Fixed the noise issues on Procerus and pushed the acceleration up to 22000 mm/s/s.

Fixed the noise issues on Procerus and pushed the acceleration up to 22000 mm/s/s. Speed is set to 833mm/s.

wow!

Wow. I need a smoothieboard. Great job.

Excited to see this one print.

So what do we think ultimate attainable print speeds are? I’d imaging overhangs would SUCK if filament was being flung too quickly…it’s obvious we can move a whole lot faster than we can print.

Is this 20x20 aluminum extrusion or 30x30?

@Oliver_Schonrock 1. Yes it’s the bearings. Just the sound they make at high speeds.
2. Yep, it’s slowing down very quickly.
3. Yeah, slow moves seem to be more noisy, haven’t delved into that yet.
Grub screws seem fine, there are 2 on these robot digg pulleys. 24 v series with on board drv8825s on the x5 mini.
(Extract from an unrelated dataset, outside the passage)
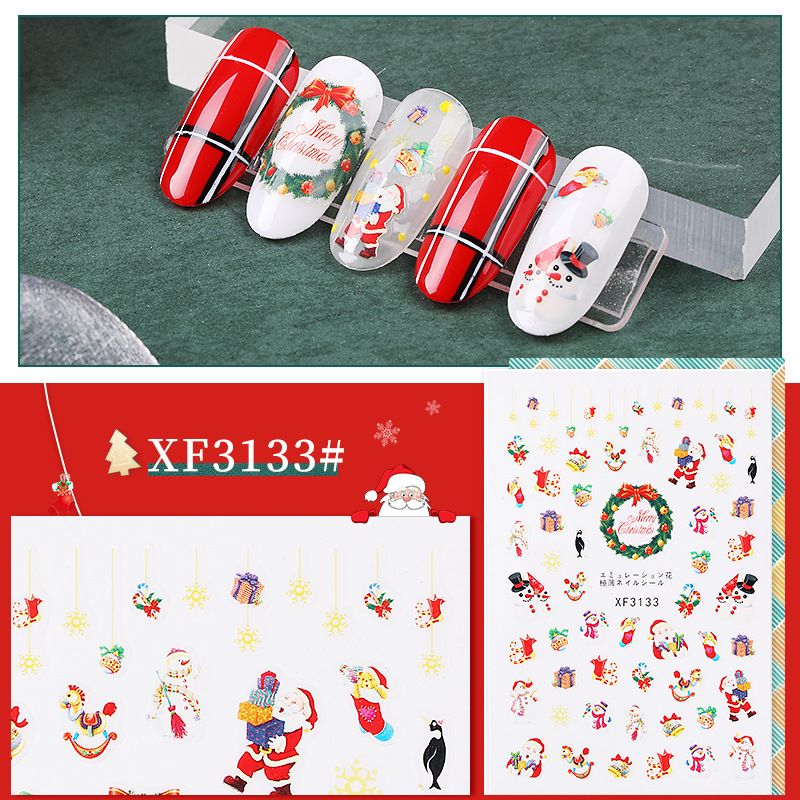 Cute Christmas Tree Snowflake Christmas Stickers Nail Decoration Accessories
@Paul_Sieradzki 20x20 from Misumi.

@Mike_Miller God knows but hopefully faster and more stable than ingentis style. May have to buy a e3d volcano.
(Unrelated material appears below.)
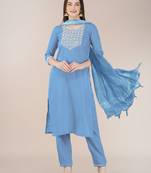 Sky blue cotton blend sophisticated partywear suit for girlie looks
I didn’t get a chance to watch this until now. It’s a ROCKET SLED!

@Oliver_Schonrock I’m still playing with speed settings on Procerus but there doesn’t appear to be any resonance for the large moves I’ve been doing so far, Tonight I’ll feed some actual gcode with dense infill into it so see how it behaves then. It’s clear the dual steppers are performing better than a single stepper, otherwise 20000mm/s/s acceleration would cause all kinds of lost steps and general havoc. I still suspect that I’ll dial it back to at most 9000mm/s/s for the purposes of avoiding too much deflection and vibration in the hot end and carriage. @Brook_Drumm also tells me he’s used twinned steppers for some of his projects and I’m sure if there were problems with that set-up he’s have found them by now.